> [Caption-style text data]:
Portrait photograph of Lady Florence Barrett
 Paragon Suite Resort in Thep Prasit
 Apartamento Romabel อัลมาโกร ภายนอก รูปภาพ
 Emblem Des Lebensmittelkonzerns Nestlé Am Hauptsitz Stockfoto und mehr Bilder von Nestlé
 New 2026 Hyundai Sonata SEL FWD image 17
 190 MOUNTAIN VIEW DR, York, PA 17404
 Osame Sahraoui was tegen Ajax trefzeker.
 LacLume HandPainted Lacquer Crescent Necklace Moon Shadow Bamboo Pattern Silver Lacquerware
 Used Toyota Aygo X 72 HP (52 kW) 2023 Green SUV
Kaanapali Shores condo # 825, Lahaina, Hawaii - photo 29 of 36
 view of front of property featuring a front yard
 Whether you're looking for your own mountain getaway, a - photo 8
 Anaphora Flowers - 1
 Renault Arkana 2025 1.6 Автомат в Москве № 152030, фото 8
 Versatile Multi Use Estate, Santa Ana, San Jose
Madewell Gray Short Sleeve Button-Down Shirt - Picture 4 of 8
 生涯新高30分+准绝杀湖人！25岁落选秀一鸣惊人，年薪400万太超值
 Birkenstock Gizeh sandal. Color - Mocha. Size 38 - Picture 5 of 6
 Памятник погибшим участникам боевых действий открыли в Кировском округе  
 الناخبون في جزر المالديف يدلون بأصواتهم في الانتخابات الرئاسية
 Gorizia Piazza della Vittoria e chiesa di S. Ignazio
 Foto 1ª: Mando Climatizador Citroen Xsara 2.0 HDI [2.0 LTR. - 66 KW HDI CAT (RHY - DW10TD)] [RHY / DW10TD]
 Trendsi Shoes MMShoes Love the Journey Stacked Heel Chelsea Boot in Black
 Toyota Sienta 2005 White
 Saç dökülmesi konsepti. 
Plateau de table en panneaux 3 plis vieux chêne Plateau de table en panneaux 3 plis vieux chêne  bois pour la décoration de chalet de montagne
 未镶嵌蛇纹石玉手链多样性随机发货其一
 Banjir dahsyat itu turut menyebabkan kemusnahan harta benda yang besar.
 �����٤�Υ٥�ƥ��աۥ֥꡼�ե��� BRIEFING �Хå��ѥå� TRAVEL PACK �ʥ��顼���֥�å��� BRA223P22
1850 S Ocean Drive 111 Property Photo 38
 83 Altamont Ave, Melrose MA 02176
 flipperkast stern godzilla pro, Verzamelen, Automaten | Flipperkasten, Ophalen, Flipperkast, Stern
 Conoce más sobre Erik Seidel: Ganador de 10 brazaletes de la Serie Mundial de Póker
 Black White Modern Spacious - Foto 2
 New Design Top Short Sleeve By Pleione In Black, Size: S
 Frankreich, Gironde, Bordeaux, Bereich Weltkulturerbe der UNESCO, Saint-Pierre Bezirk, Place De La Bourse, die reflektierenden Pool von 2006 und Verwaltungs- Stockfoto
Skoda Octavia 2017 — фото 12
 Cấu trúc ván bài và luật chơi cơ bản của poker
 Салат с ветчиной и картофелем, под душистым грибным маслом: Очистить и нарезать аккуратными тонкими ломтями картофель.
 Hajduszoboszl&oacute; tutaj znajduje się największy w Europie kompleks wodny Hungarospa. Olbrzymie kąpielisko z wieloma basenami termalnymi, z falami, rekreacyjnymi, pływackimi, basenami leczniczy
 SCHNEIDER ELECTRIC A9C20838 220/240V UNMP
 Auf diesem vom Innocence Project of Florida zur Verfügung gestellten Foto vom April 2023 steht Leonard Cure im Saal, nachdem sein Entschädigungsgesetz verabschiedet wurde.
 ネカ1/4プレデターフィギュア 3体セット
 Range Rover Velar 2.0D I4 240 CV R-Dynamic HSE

> [What is being asked]:
Transcribe the records above exactly, keeping every line.

> [Response area]:
Portrait photograph of Lady Florence Barrett
 Paragon Suite Resort in Thep Prasit
 Apartamento Romabel อัลมาโกร ภายนอก รูปภาพ
 Emblem Des Lebensmittelkonzerns Nestlé Am Hauptsitz Stockfoto und mehr Bilder von Nestlé
 New 2026 Hyundai Sonata SEL FWD image 17
 190 MOUNTAIN VIEW DR, York, PA 17404
 Osame Sahraoui was tegen Ajax trefzeker.
 LacLume HandPainted Lacquer Crescent Necklace Moon Shadow Bamboo Pattern Silver Lacquerware
 Used Toyota Aygo X 72 HP (52 kW) 2023 Green SUV
Kaanapali Shores condo # 825, Lahaina, Hawaii - photo 29 of 36
 view of front of property featuring a front yard
 Whether you're looking for your own mountain getaway, a - photo 8
 Anaphora Flowers - 1
 Renault Arkana 2025 1.6 Автомат в Москве № 152030, фото 8
 Versatile Multi Use Estate, Santa Ana, San Jose
Madewell Gray Short Sleeve Button-Down Shirt - Picture 4 of 8
 生涯新高30分+准绝杀湖人！25岁落选秀一鸣惊人，年薪400万太超值
 Birkenstock Gizeh sandal. Color - Mocha. Size 38 - Picture 5 of 6
 Памятник погибшим участникам боевых действий открыли в Кировском округе  
 الناخبون في جزر المالديف يدلون بأصواتهم في الانتخابات الرئاسية
 Gorizia Piazza della Vittoria e chiesa di S. Ignazio
 Foto 1ª: Mando Climatizador Citroen Xsara 2.0 HDI [2.0 LTR. - 66 KW HDI CAT (RHY - DW10TD)] [RHY / DW10TD]
 Trendsi Shoes MMShoes Love the Journey Stacked Heel Chelsea Boot in Black
 Toyota Sienta 2005 White
 Saç dökülmesi konsepti. 
Plateau de table en panneaux 3 plis vieux chêne Plateau de table en panneaux 3 plis vieux chêne  bois pour la décoration de chalet de montagne
 未镶嵌蛇纹石玉手链多样性随机发货其一
 Banjir dahsyat itu turut menyebabkan kemusnahan harta benda yang besar.
 �����٤�Υ٥�ƥ��աۥ֥꡼�ե��� BRIEFING �Хå��ѥå� TRAVEL PACK �ʥ��顼���֥�å��� BRA223P22
1850 S Ocean Drive 111 Property Photo 38
 83 Altamont Ave, Melrose MA 02176
 flipperkast stern godzilla pro, Verzamelen, Automaten | Flipperkasten, Ophalen, Flipperkast, Stern
 Conoce más sobre Erik Seidel: Ganador de 10 brazaletes de la Serie Mundial de Póker
 Black White Modern Spacious - Foto 2
 New Design Top Short Sleeve By Pleione In Black, Size: S
 Frankreich, Gironde, Bordeaux, Bereich Weltkulturerbe der UNESCO, Saint-Pierre Bezirk, Place De La Bourse, die reflektierenden Pool von 2006 und Verwaltungs- Stockfoto
Skoda Octavia 2017 — фото 12
 Cấu trúc ván bài và luật chơi cơ bản của poker
 Салат с ветчиной и картофелем, под душистым грибным маслом: Очистить и нарезать аккуратными тонкими ломтями картофель.
 Hajduszoboszl&oacute; tutaj znajduje się największy w Europie kompleks wodny Hungarospa. Olbrzymie kąpielisko z wieloma basenami termalnymi, z falami, rekreacyjnymi, pływackimi, basenami leczniczy
 SCHNEIDER ELECTRIC A9C20838 220/240V UNMP
 Auf diesem vom Innocence Project of Florida zur Verfügung gestellten Foto vom April 2023 steht Leonard Cure im Saal, nachdem sein Entschädigungsgesetz verabschiedet wurde.
 ネカ1/4プレデターフィギュア 3体セット
 Range Rover Velar 2.0D I4 240 CV R-Dynamic HSE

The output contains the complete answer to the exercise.